Stored data
+--

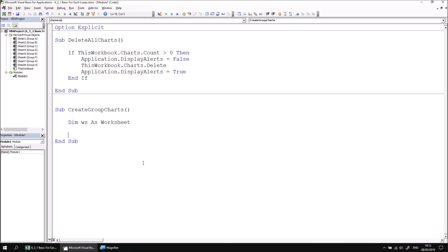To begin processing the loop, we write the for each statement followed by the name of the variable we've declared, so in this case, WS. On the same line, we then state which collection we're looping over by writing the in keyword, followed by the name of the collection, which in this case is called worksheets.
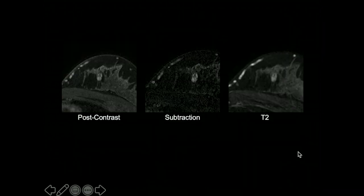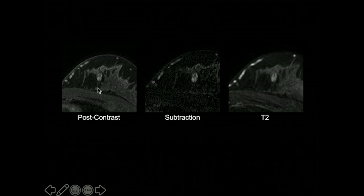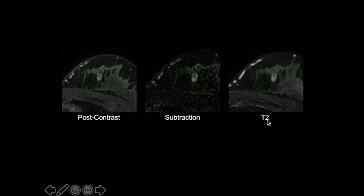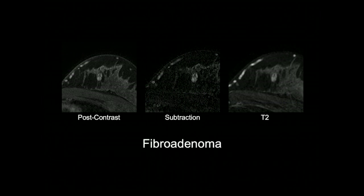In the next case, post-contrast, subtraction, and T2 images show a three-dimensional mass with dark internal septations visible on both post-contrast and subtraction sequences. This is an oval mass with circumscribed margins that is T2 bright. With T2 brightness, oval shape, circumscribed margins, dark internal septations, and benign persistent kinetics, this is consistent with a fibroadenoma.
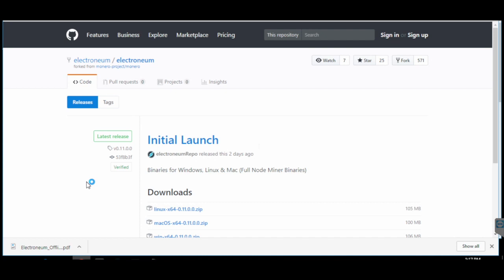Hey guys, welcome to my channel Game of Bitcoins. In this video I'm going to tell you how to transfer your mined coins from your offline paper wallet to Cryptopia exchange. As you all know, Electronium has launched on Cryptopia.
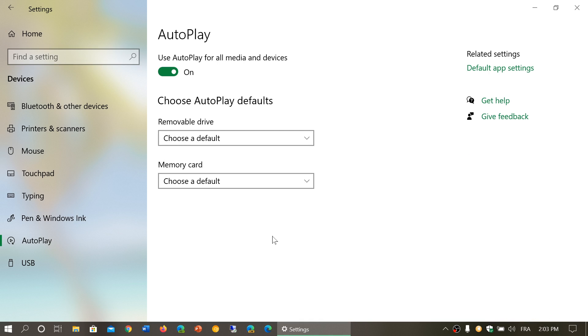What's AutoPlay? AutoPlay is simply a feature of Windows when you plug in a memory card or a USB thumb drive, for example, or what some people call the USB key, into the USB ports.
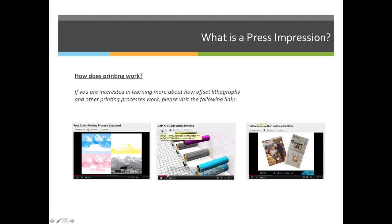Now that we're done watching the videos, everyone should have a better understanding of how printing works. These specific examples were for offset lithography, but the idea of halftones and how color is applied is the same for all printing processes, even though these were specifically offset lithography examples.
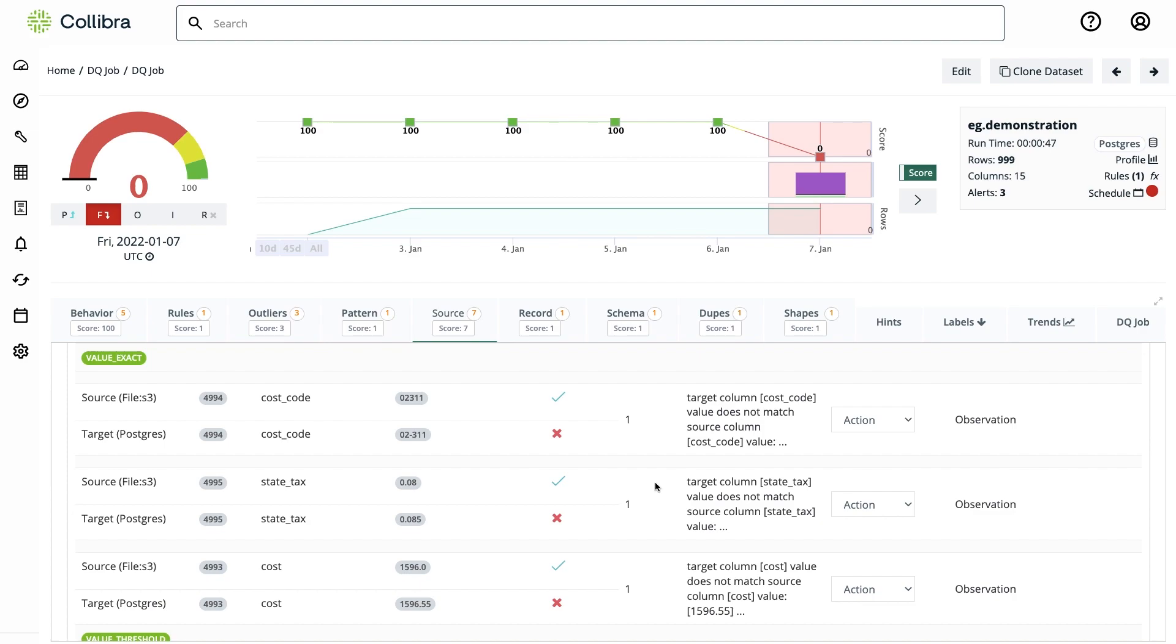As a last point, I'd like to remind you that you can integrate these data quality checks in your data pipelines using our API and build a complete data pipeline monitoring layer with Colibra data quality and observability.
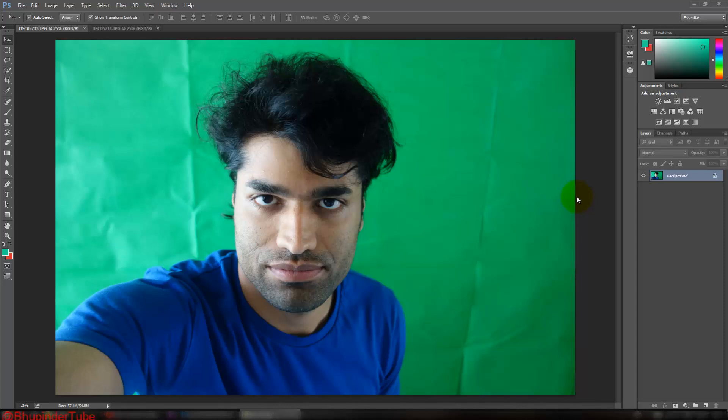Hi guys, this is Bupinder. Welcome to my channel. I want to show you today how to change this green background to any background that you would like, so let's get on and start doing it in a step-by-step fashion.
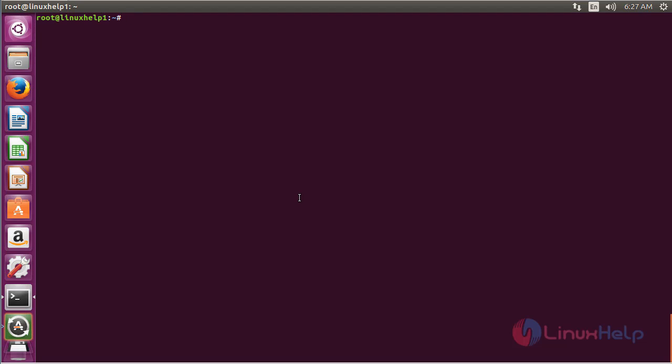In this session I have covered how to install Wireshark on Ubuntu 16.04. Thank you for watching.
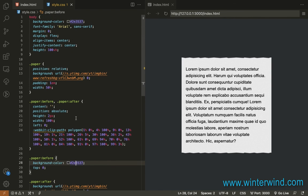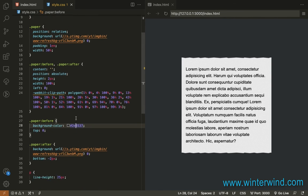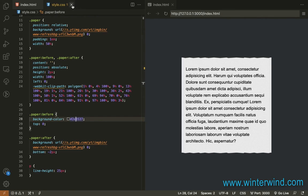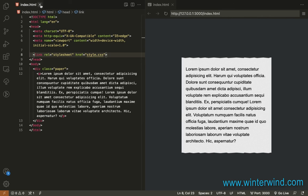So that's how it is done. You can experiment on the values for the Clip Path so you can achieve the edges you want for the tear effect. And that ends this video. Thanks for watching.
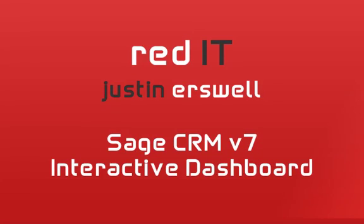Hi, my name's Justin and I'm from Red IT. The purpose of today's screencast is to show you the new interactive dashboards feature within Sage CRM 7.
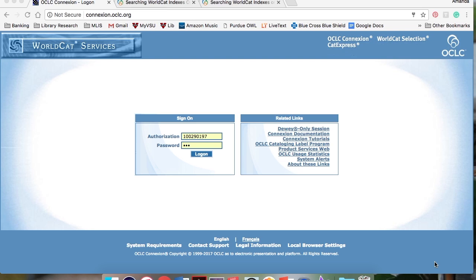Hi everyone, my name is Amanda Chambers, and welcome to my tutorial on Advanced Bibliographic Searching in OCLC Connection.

+--

TO DO: When you reach the line with "Hi, my name's" in the entries above, start copying, and go on word for word to the last line; skip any picture.

SOLUTION FOR THIS TASK:
Hi, my name's Justin and I'm from Red IT. The purpose of today's screencast is to show you the new interactive dashboards feature within Sage CRM 7.
Hi everyone, my name is Amanda Chambers, and welcome to my tutorial on Advanced Bibliographic Searching in OCLC Connection.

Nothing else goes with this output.